Segundo ela, hoje uma boa parte dos moradores convive com a dificuldade de arranjar trabalho, mas bem ou mal de vez em quando surgem algumas formas de sustentar a família. “Se todo esse povo sair e vir ainda mais gente pra dividir o pouco que temos, com certeza vamos passar fome com nossos filhos”, diz ela.

Vila já está integrada com a zona urbana

Plantar mandioca, fazer roça, criar porco e galinhas ou optar por outras formas de viver da terra, não está nos planos da população mais jovem da Lagoa dos Índios. Totalmente integrados à vida urbana e às oportunidades que ela oferecem, os jovens têm perspectivas mais dinâmicas para o futuro. Além de almejar bons empregos no serviço público, eles não acreditam que a transformação em área quilombola possa trazer algum progresso para a comunidade.
“Quando eu era criança eu via meu avô na roça dia após dia, plantando mandioca, cuidando, capinando e depois de meses, tirando algumas sacas de farinha que ia vender nos comércios da cidade. Voltava com uma pequena saca de mercadoria que durava pouco mais de duas semanas e dali em diante novamente era vida dura por meses, até que pudesse desmanchar o roçado. E agora querem que nós voltemos para a roça. Só pode ser brincadeira”, diz Cláudio da Silva. “Aqui ninguém sabe pegar em uma enxada, fazer uma horta e mesmo se aprender, o que produzir mal dará para sustentar suas famílias. E depois, vamos molhar uma horta como, se até o poço artesiano da vila não funciona?”, completa.

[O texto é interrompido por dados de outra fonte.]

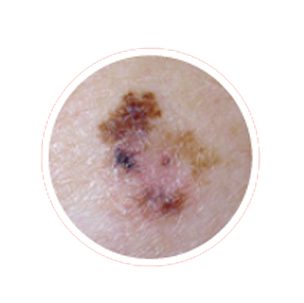 Melanoma with uneven colour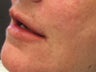 Juvederm Ultra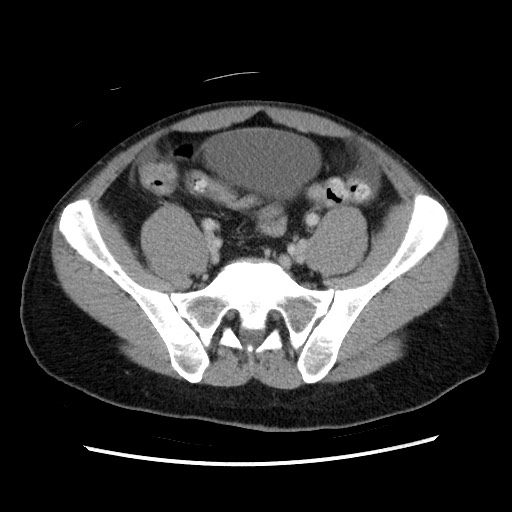 File:Closed-loop small bowel obstruction (Radiopaedia 73713-84509 A 125).jpg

Cláudio é da opinião de que em vez de transformar o local em área quilombola, os governos federal, estadual e municipal deveriam se preocupar em dotar o local de infra-estrutura. “Hoje só há água tratada na escola e no posto médico. O fornecimento não beneficia as casas da vila e as famílias estão há quase seis meses sem água tratada. A nossa estrada está uma vergonha e carece de pavimentação asfáltica. Precisamos de uma linha de ônibus para atender a comunidade, uma escola municipal, uma creche e muitas outras coisas que as autoridades teimam em não ver. Não queremos ser quilombolas. Queremos viver com dignidade, tendo oportunidades iguais de vencer na vida”, conclui.